Mersin, Türkiye’nin en önemli liman şehirlerinden biri olarak bilinir ve bu liman, bölgenin ekonomik can damarıdır. Ancak, Mersin Uluslararası Liman İşletmeciliği (MIP) tarafından yürütülen genişleme çalışmaları, çevre ve halk sağlığı için ciddi endişeleri beraberinde getirmiştir. Mersin Çevre Platformu’nun raporlarına göre, liman genişletme projesi sırasında deniz dibinden çıkarılan asbest ve ağır metal içeren malzemelerin denize dökülmesi, hem insan sağlığına hem de deniz ekosistemine zarar verme potansiyeline sahiptir.
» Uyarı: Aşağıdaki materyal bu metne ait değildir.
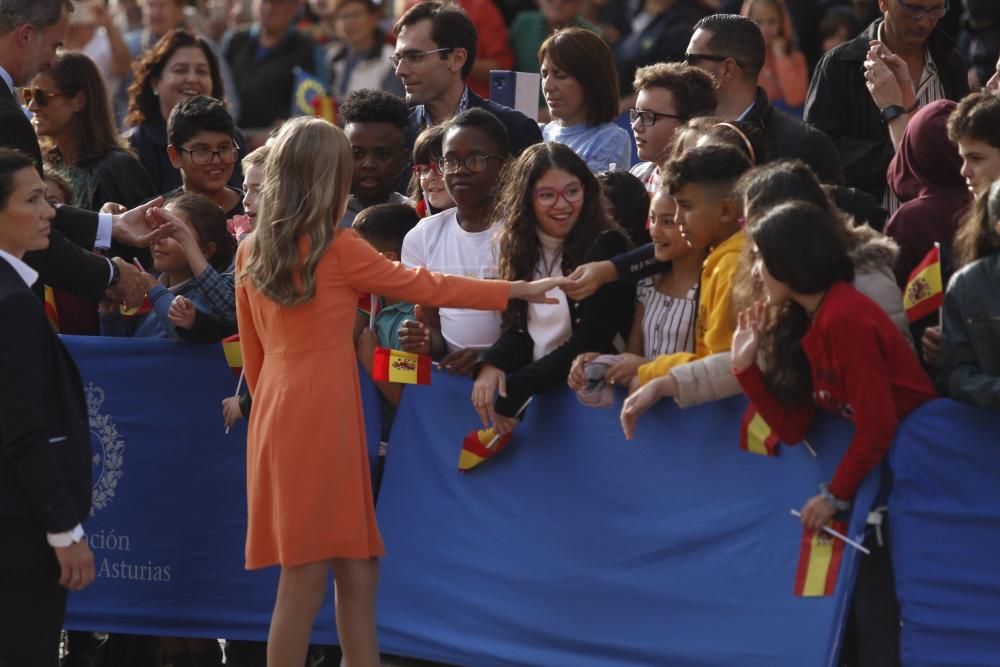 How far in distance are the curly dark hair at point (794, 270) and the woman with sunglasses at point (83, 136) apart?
152 inches

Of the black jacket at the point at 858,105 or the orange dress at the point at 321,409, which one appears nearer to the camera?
the orange dress at the point at 321,409

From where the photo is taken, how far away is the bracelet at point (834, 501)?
4859 mm

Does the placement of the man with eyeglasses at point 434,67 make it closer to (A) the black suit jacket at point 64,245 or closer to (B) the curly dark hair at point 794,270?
(A) the black suit jacket at point 64,245

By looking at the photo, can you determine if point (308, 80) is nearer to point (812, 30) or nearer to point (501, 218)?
point (812, 30)

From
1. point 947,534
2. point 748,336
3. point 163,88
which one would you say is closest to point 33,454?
point 748,336

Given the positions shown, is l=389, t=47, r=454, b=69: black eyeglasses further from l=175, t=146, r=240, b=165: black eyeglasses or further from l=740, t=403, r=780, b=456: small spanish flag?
l=740, t=403, r=780, b=456: small spanish flag

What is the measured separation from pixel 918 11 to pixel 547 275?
2.44 meters

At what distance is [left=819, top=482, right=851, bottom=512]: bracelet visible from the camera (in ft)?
15.9

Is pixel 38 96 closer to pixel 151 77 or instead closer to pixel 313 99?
pixel 151 77

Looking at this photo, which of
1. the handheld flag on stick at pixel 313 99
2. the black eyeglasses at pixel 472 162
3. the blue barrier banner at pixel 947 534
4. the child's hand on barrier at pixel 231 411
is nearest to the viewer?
the blue barrier banner at pixel 947 534

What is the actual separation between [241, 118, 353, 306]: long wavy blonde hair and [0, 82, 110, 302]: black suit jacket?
42.3 inches

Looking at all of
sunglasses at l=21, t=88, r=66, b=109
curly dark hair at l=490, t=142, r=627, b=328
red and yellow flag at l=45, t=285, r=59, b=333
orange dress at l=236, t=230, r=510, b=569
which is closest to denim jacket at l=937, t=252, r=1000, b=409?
curly dark hair at l=490, t=142, r=627, b=328

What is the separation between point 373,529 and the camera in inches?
217

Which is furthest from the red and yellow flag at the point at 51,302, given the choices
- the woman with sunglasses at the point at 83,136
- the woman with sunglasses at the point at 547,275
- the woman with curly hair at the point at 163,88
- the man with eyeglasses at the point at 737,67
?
the man with eyeglasses at the point at 737,67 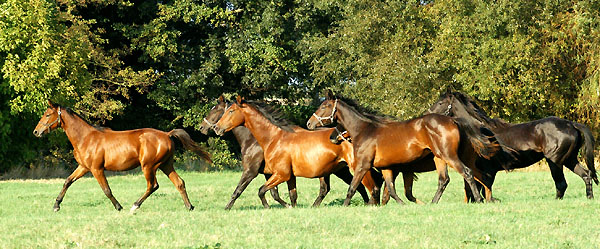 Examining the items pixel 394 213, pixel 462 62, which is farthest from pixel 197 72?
pixel 394 213

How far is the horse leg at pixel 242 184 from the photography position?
14875 mm

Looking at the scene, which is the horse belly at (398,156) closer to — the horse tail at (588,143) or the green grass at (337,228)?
the green grass at (337,228)

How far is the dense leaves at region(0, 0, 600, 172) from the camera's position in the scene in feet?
99.4

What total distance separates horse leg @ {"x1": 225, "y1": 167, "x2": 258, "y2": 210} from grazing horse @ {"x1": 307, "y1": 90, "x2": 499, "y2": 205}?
6.20ft

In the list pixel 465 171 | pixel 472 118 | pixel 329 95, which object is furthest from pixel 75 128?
pixel 472 118

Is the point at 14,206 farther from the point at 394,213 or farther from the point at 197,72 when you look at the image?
the point at 197,72

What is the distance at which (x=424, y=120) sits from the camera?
1427 cm

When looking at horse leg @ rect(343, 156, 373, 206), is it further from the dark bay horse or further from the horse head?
the horse head

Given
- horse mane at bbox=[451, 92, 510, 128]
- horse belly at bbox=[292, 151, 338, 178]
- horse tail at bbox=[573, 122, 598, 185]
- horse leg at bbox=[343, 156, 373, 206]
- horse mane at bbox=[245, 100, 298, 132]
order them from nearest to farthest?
horse leg at bbox=[343, 156, 373, 206] < horse belly at bbox=[292, 151, 338, 178] < horse mane at bbox=[245, 100, 298, 132] < horse mane at bbox=[451, 92, 510, 128] < horse tail at bbox=[573, 122, 598, 185]

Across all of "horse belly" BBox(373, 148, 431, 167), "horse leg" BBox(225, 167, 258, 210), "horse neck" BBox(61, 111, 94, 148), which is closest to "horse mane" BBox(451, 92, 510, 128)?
"horse belly" BBox(373, 148, 431, 167)

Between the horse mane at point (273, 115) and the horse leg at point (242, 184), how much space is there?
103 cm

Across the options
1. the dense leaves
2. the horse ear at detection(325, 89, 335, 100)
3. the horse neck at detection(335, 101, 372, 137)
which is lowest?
the dense leaves

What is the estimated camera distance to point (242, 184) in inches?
593

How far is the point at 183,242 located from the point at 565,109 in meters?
24.9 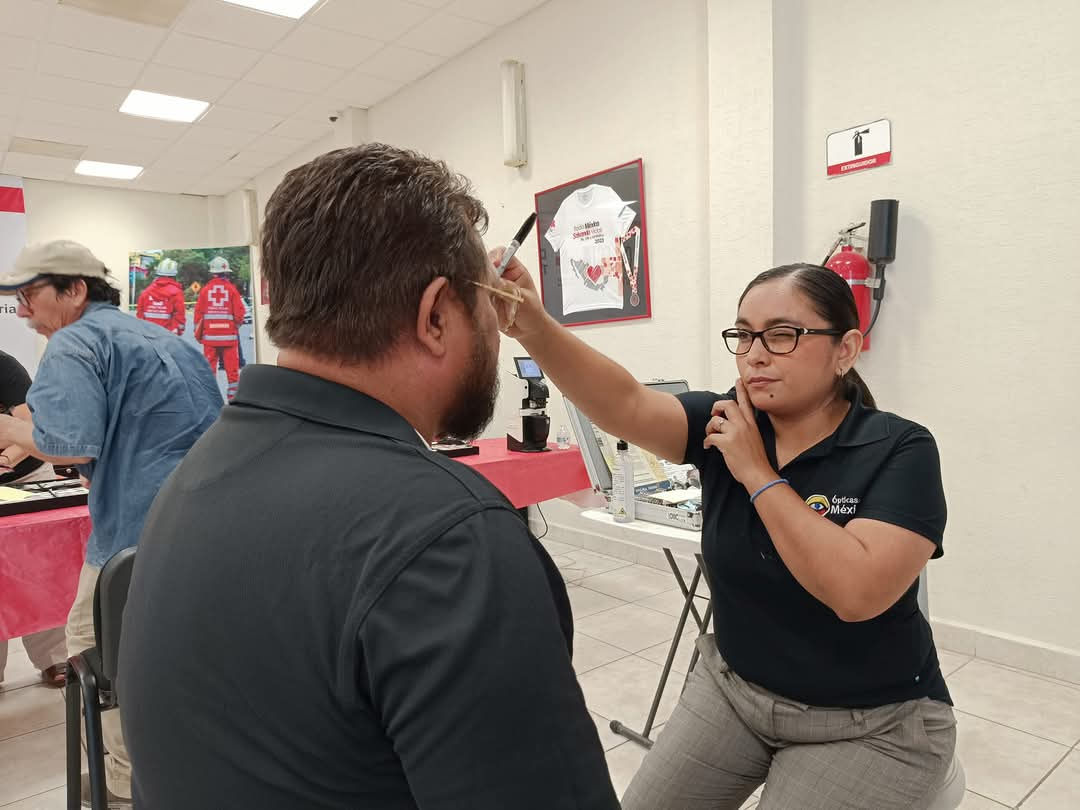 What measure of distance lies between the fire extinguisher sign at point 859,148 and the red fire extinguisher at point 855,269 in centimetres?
26

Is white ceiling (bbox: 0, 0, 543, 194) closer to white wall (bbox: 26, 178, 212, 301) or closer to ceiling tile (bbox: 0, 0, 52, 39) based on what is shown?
ceiling tile (bbox: 0, 0, 52, 39)

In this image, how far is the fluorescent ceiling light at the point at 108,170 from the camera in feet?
23.6

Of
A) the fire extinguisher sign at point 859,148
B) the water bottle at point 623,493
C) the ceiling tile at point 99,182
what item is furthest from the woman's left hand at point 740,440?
the ceiling tile at point 99,182

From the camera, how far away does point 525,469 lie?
3156 mm

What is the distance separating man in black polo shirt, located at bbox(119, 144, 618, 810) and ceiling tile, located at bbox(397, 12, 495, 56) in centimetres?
444

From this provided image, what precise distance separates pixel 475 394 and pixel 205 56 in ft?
17.1

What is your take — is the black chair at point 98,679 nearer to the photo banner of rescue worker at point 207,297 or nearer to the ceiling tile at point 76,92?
the ceiling tile at point 76,92

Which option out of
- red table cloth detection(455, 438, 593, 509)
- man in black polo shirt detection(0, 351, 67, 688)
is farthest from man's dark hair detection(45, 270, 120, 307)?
red table cloth detection(455, 438, 593, 509)

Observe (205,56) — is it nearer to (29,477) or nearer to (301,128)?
(301,128)

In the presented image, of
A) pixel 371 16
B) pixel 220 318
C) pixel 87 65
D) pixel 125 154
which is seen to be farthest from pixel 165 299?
pixel 371 16

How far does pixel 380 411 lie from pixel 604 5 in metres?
4.14

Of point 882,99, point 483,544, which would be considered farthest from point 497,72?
point 483,544

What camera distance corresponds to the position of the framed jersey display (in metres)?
4.04

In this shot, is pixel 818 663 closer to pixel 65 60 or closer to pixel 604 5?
pixel 604 5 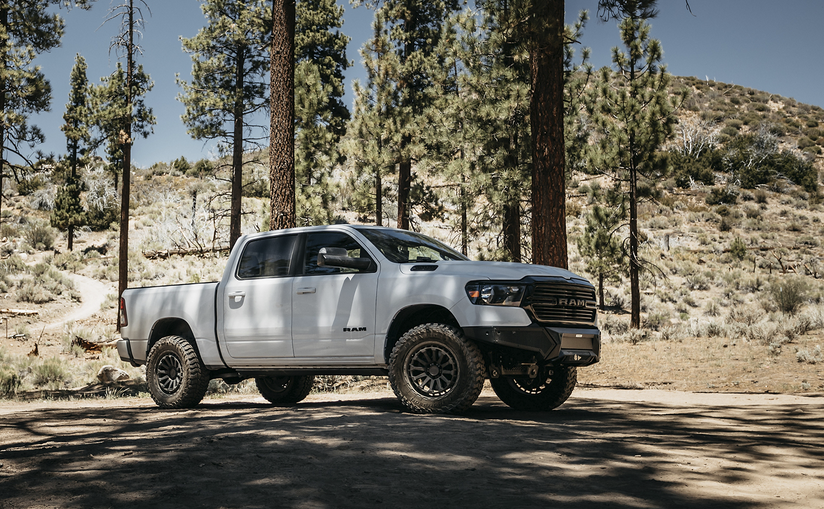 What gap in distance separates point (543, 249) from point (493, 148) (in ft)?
23.9

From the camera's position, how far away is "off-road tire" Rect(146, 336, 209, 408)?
878 centimetres

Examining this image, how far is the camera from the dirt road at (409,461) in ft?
13.3

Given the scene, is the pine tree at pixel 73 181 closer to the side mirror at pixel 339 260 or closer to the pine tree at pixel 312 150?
the pine tree at pixel 312 150

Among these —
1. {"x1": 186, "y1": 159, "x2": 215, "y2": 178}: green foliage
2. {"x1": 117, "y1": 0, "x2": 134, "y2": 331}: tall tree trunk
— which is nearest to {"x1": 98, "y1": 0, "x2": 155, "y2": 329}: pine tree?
{"x1": 117, "y1": 0, "x2": 134, "y2": 331}: tall tree trunk

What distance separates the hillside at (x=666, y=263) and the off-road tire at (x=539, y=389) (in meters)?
5.60

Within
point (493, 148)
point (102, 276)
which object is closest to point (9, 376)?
point (493, 148)

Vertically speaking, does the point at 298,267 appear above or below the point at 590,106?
below

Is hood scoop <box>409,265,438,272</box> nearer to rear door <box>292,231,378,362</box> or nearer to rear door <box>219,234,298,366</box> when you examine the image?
rear door <box>292,231,378,362</box>

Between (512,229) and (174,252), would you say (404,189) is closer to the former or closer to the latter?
(512,229)

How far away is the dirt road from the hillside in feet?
23.8

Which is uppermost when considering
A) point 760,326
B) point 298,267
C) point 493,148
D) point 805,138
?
point 805,138

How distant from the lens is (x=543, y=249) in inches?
514

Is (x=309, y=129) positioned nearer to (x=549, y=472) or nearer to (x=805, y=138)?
(x=549, y=472)

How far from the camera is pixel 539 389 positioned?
28.1 ft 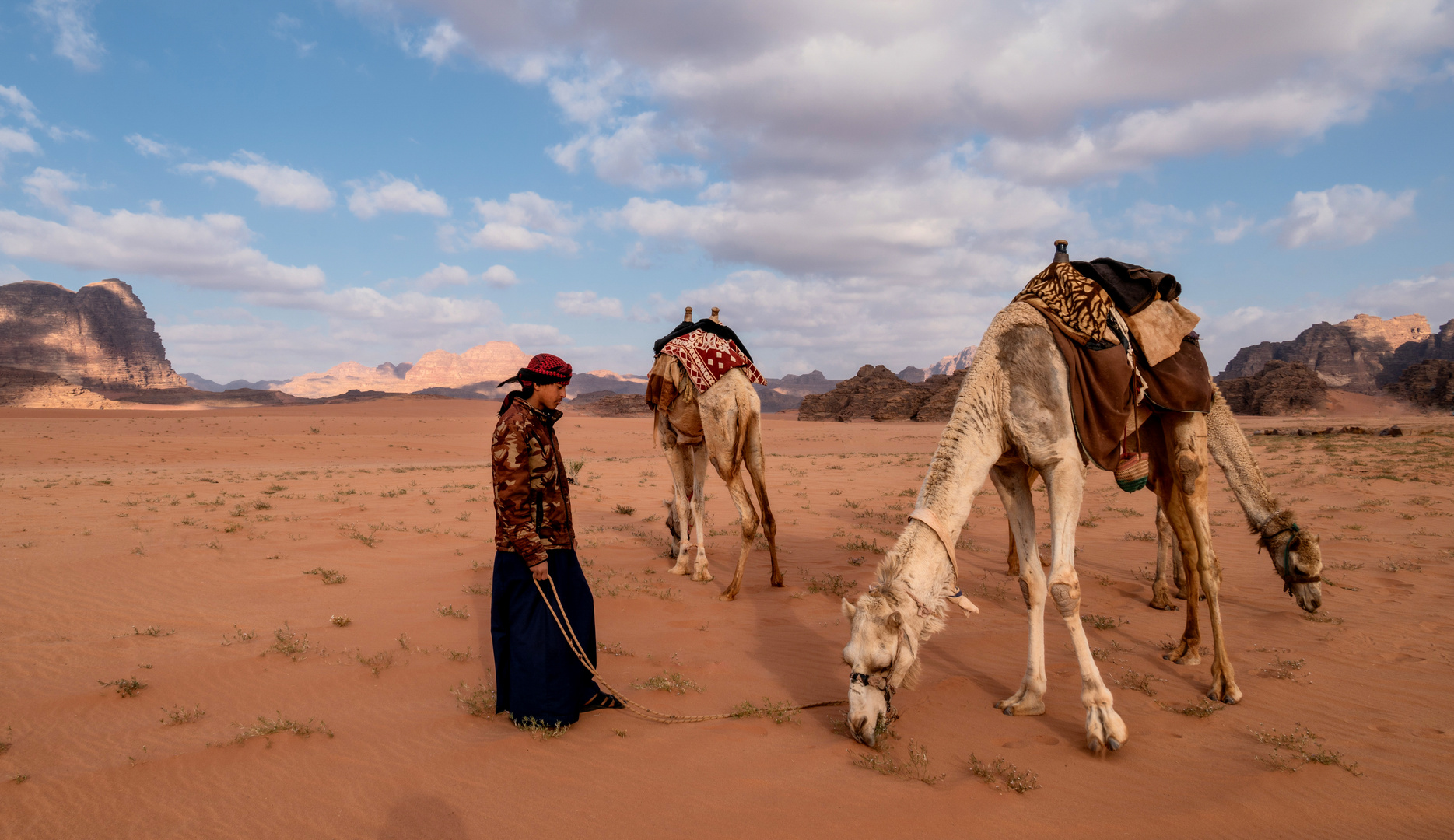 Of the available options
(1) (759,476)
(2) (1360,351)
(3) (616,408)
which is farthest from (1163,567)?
(2) (1360,351)

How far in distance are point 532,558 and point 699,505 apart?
4.37m

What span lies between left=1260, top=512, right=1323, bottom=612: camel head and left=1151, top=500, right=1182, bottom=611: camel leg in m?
1.22

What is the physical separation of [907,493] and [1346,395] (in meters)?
72.8

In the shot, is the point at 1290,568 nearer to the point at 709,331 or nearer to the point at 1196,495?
the point at 1196,495

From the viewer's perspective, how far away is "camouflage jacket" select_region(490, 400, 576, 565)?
14.2 feet

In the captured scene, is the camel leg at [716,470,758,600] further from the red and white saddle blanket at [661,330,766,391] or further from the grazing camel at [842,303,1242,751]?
the grazing camel at [842,303,1242,751]

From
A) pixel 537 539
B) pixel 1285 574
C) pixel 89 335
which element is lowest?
pixel 1285 574

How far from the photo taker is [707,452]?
7.94 m

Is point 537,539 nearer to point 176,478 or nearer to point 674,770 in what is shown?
point 674,770

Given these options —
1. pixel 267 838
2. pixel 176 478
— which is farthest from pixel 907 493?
pixel 176 478

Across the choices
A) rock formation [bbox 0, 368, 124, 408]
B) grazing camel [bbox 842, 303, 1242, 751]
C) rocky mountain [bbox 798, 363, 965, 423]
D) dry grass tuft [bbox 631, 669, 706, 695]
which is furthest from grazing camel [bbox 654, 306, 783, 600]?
rock formation [bbox 0, 368, 124, 408]

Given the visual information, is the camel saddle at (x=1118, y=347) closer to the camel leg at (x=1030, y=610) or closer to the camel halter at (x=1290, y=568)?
the camel leg at (x=1030, y=610)

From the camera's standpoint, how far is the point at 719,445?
7.61 metres

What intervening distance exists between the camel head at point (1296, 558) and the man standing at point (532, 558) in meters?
5.39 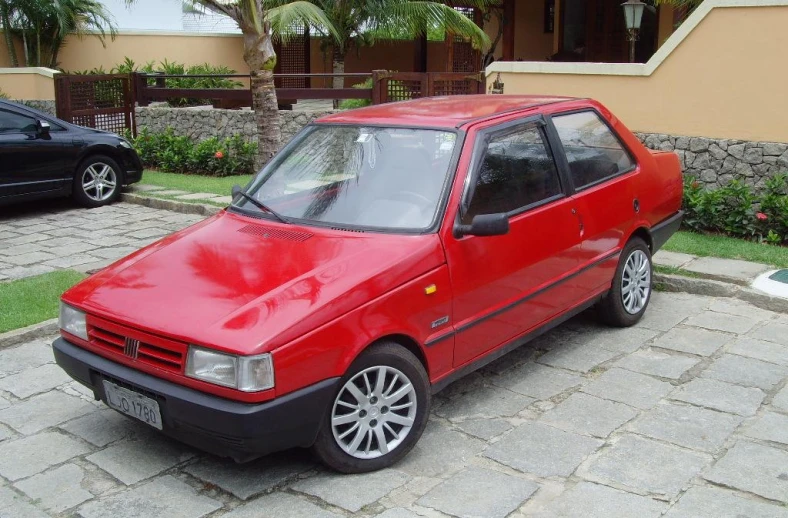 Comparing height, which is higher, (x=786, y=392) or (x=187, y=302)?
(x=187, y=302)

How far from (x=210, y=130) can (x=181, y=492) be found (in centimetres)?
1081

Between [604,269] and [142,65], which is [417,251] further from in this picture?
[142,65]

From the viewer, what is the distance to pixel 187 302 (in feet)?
13.3

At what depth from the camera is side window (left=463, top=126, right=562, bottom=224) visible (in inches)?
189

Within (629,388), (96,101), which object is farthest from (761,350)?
(96,101)

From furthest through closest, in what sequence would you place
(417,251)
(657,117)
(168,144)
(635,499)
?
(168,144), (657,117), (417,251), (635,499)

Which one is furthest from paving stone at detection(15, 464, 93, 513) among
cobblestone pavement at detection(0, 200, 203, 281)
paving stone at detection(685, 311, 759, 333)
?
paving stone at detection(685, 311, 759, 333)

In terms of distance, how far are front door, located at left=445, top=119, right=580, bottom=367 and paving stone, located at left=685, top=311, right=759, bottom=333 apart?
134 centimetres

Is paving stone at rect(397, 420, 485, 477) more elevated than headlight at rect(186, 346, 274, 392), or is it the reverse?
headlight at rect(186, 346, 274, 392)

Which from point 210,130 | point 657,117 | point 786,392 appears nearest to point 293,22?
point 210,130

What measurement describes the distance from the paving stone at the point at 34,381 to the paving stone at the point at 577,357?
10.1 ft

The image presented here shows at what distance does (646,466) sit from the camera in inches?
164

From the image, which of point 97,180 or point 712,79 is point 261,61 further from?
point 712,79

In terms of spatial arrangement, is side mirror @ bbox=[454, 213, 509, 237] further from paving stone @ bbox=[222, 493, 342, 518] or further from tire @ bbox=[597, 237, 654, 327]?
tire @ bbox=[597, 237, 654, 327] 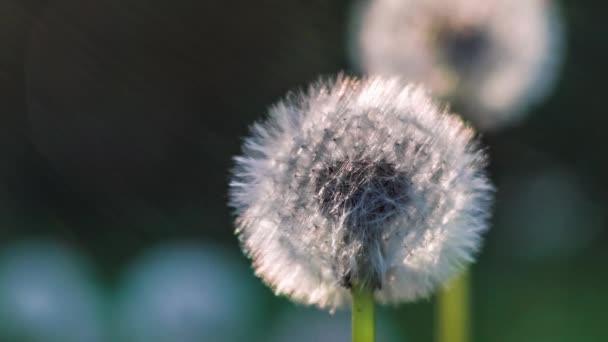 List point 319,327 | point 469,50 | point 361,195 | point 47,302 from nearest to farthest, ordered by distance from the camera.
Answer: point 361,195
point 469,50
point 319,327
point 47,302

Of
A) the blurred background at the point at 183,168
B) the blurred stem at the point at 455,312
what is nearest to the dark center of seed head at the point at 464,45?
the blurred stem at the point at 455,312

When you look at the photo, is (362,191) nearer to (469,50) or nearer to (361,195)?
(361,195)

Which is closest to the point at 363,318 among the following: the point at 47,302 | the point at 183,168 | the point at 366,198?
the point at 366,198

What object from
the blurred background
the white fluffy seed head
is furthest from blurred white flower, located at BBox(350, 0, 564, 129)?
the blurred background

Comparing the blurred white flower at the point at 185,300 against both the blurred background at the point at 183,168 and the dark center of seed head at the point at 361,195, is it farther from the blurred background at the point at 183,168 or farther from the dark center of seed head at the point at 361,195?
the dark center of seed head at the point at 361,195

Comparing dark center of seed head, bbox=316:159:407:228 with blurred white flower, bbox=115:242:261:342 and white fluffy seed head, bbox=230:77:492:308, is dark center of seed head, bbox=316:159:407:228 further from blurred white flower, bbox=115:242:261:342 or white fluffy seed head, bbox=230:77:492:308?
blurred white flower, bbox=115:242:261:342

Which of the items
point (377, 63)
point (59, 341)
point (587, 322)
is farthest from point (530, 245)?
point (377, 63)

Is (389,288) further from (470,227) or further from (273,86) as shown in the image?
(273,86) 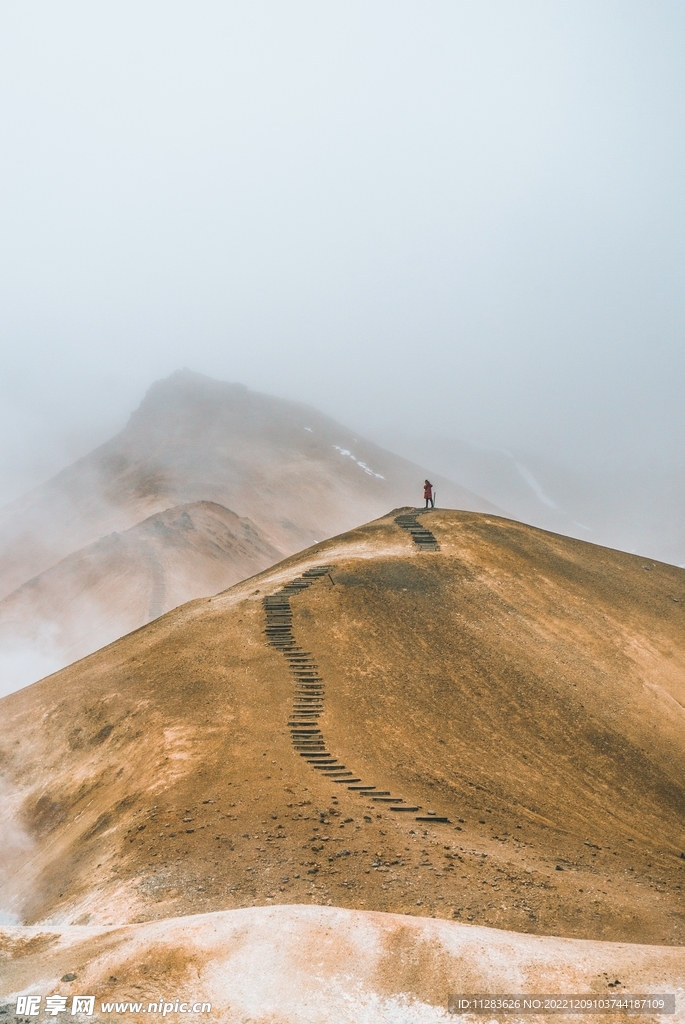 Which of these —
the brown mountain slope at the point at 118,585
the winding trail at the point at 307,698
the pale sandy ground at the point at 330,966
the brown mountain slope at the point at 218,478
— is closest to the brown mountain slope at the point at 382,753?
the winding trail at the point at 307,698

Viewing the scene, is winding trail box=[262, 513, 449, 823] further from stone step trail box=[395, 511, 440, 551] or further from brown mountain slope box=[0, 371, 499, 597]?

Asbest, solunum yoluyla alındığında kansere ve diğer ciddi sağlık sorunlarına yol açabilen tehlikeli bir madde olarak bilinir. Mersin Çevre Platformu ve çeşitli hukuk temsilcileri, MIP’in yürüttüğü çalışmaların yasalara aykırı olduğunu ve çevre kirliliğine neden olduğunu iddia ederek, Mersin Valiliği’ne projenin durdurulması çağrısında bulunmuşlardır. Avukat Semra Kabasakal, MIP’in rant uğruna kanunları ve yönetmelikleri çiğneyerek kent ve insanlık suçu işlediğini belirtmiştir.
Bu durum, Mersin halkının sağlığını ve bölgenin doğal güzelliklerini koruma konusunda ciddi kaygılar yaratmaktadır. Deniz canlıları ve ekosistem üzerindeki etkileri henüz tam olarak anlaşılamamış olsa da, asbestin denize dökülmesinin uzun vadeli sonuçları olabileceği açıktır. Mersin Limanı’ndaki bu asbest krizi, çevresel düzenlemelerin ve halk sağlığının korunmasının ne kadar önemli olduğunu bir kez daha gözler önüne sermektedir.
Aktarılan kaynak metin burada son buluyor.